Norma Becker Papers, 1961-1975 (bulk 1963-1968)

Biography/History

Political and social activist Norma Becker was born in the Bronx in 1930 to Russian Jewish immigrant parents. No doubt many of her later political and social ideas and actions were shaped by her father, a motion picture projectionist active in the socialist wing of the trade union movement. She attended Hunter College, married in 1950, and raised two children. In 1956 she began teaching on a part time basis at two private schools, Greek Hellenic Cathedral School and Kaliski School for Emotionally Disturbed Children. From 1959 through 1973 she taught at P.S. 84 in the Upper West Side.
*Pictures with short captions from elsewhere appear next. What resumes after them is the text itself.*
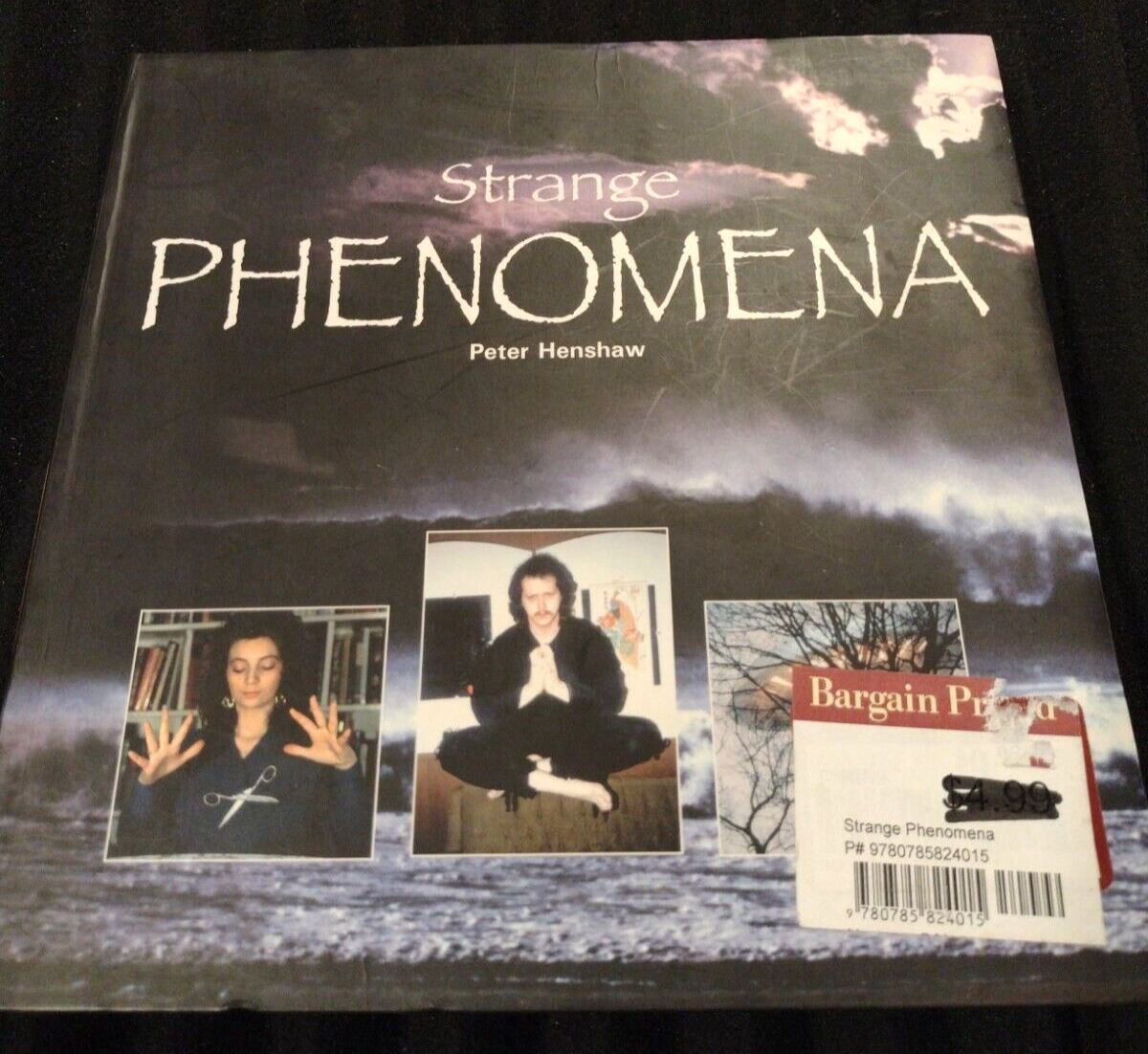 Strange Phenomena by Peter Henshaw (2008, Trade Paperback) illustrated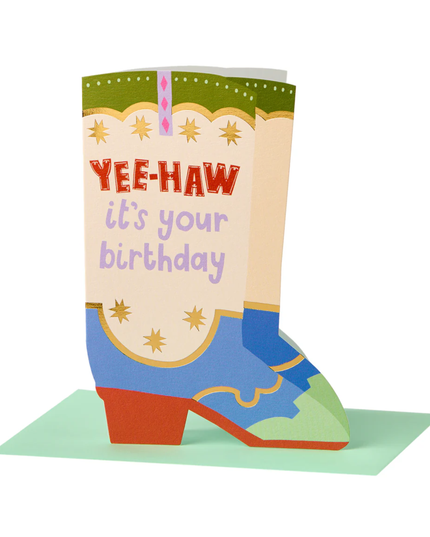 Yee-haw it's Your Birthday Card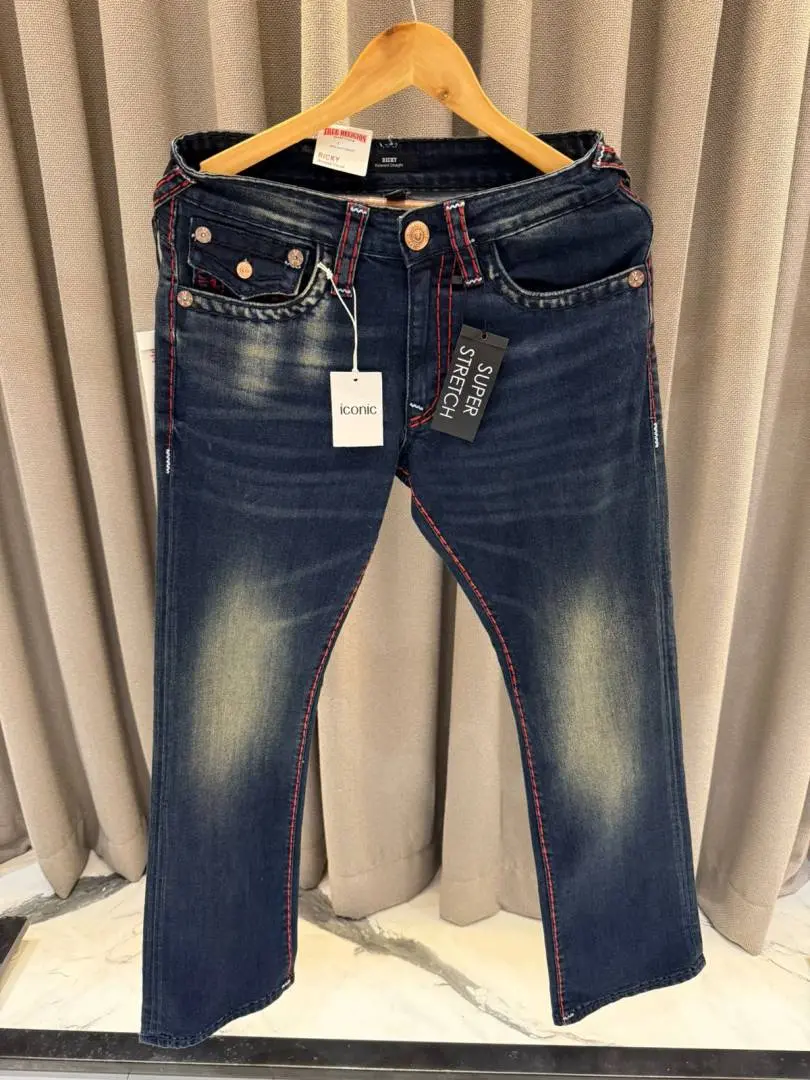 True Religion Imported Denim Greenish - Image 3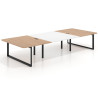 repuesto para mesa de oficina 166x130 siroco cabecera delta 2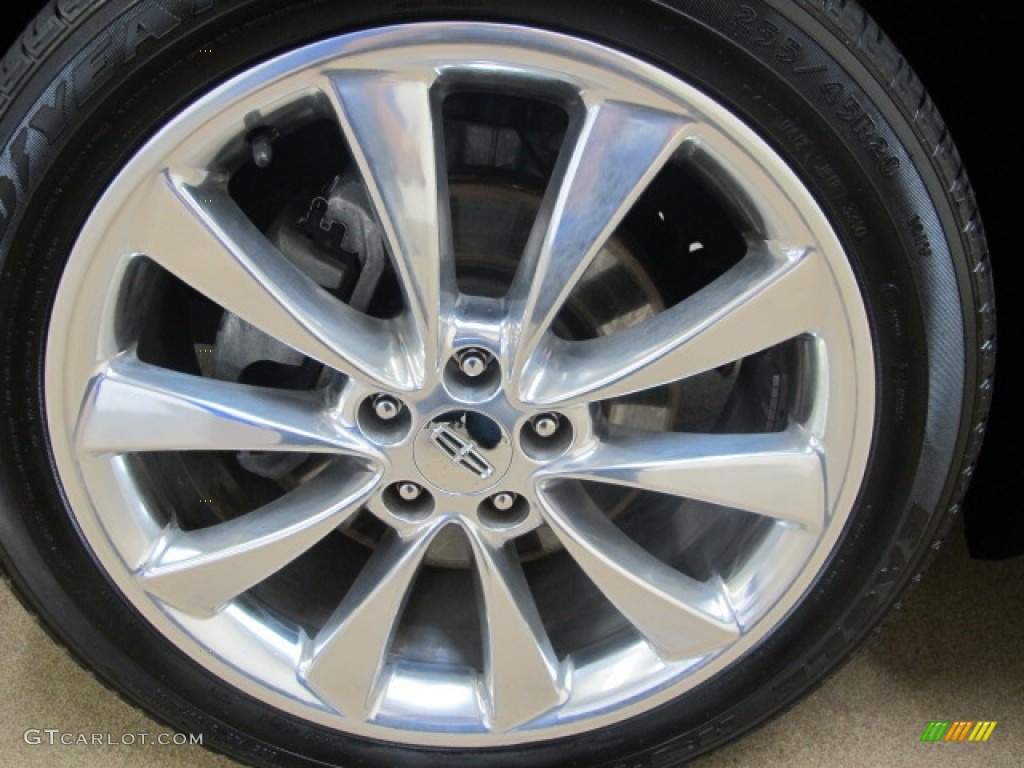 2011 Lincoln MKT AWD EcoBoost Wheel Photo #83157074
Norma Becker first became involved in the civil rights movement in 1963. That summer she went south to teach in Prince Edward County, Virginia. The following year she was active in gathering support from New York City school teachers for the COFO Mississippi Freedom Summer Project. That summer she again went south, this time to Greenville, Mississippi, to teach. Out of these experiences grew her eventual conversion to a non-violent philosophy.

Beginning in 1965 she first became concerned by the U.S. involvement in the war in Vietnam. That year she organized the Teachers Committee for Peace in Vietnam and assisted in the organization of the Fifth Avenue Vietnam Peace Parade Committee. Then followed active participation in a number of national anti-war groups. In 1977 she organized Mobilization for Survival.